WASHINGTON — Republicans on Capitol Hill are thrilled with the money Michele Bachmann is able to raise — both in her own race and on frequent cross-country trips for dozens of embattled incumbents and insurgent challengers.
They’re awed by her ability to connect with Tea Party rallygoers. They’re impressed by her Twitter and Facebook followers and envious of the profile she’s managed to obtain in just two terms in Congress.
Yet while Republican leaders in the House are happy to associate themselves with Bachmann on Election Day, they’re nervous about fully embracing the chair of the House Tea Party Caucus when it comes time for governing.
So nervous, in fact, that they’re quietly campaigning hard to make sure she doesn’t get ensconced in the new GOP leadership.
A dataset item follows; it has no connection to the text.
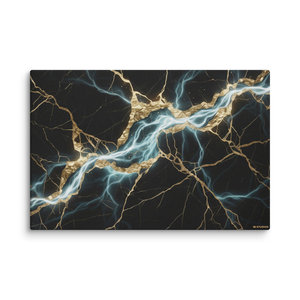 Neural Surge - Décoration murale contemporaine abstraite de luxe sur toile encadrée avec cadre en bois et support mural en métal - Product Image 1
No one inside the Republican leadership will openly say they don’t want Bachmann to join the club, mind you, instead, it’s a mission accomplished through very carefully worded statements, subtly obvious slights and anonymous comments to the Capitol Hill newspapers most closely tracking the race.
So why are GOP leaders so willing to embrace Bachmann on the campaign trail but not in the Capitol?
“It’s a great question, and that’s why we’re making the case,” said Sergio Gor, Bachmann’s spokesman.
The job they don’t want her to have
Bachmann is campaigning to be chairman of the House Republican Conference, a position that essentially directs the GOP’s policy and media strategy in the House of Representatives. It’s the No. 4 position in the House leadership and a job that, on paper, makes sense for arguably the most media-savvy Republican in the House.
Bachmann is a fixture on television and in conservative media. She has embraced social networking tools like Twitter and Facebook, is prolific on YouTube and has led the charge for a rules change so members can more easily utilize Skype to reach out to constituents. She formed the House Tea Party Caucus, the first official representation of the Tea Party in Congress, and has said she’ll be starting a Constitutional Conservatives Caucus sometime in the New Year.
Remember, though the GOP lustily embraced the Tea Party on Election Day, Bachmann was Tea Party before Tea Party was cool. She’s keenly aware that the would-be speaker and majority leader are not Tea Party Caucus members. And she issued a subtle reminder of how much she’d done — and where she was coming from — when announcing her candidacy.
“Constitutional conservatives deserve a loud and clear voice within the GOP leadership and Congresswoman Bachmann will be the perfect voice for that,” spokesman Gor said Wednesday when announcing the leadership bid. “As we saw last night, Constitutional conservatives are what the American people want, not more of the same party establishment.”
Instead, that “same party establishment” (represented by a who’s who list of GOP leaders) is lining up behind Rep. Jeb Hensarling, a very conservative fiscal-policy wonk who heads a 100-member internal think tank, the Republican Study Committee, but is largely unknown outside of Capitol Hill and his home state of Texas.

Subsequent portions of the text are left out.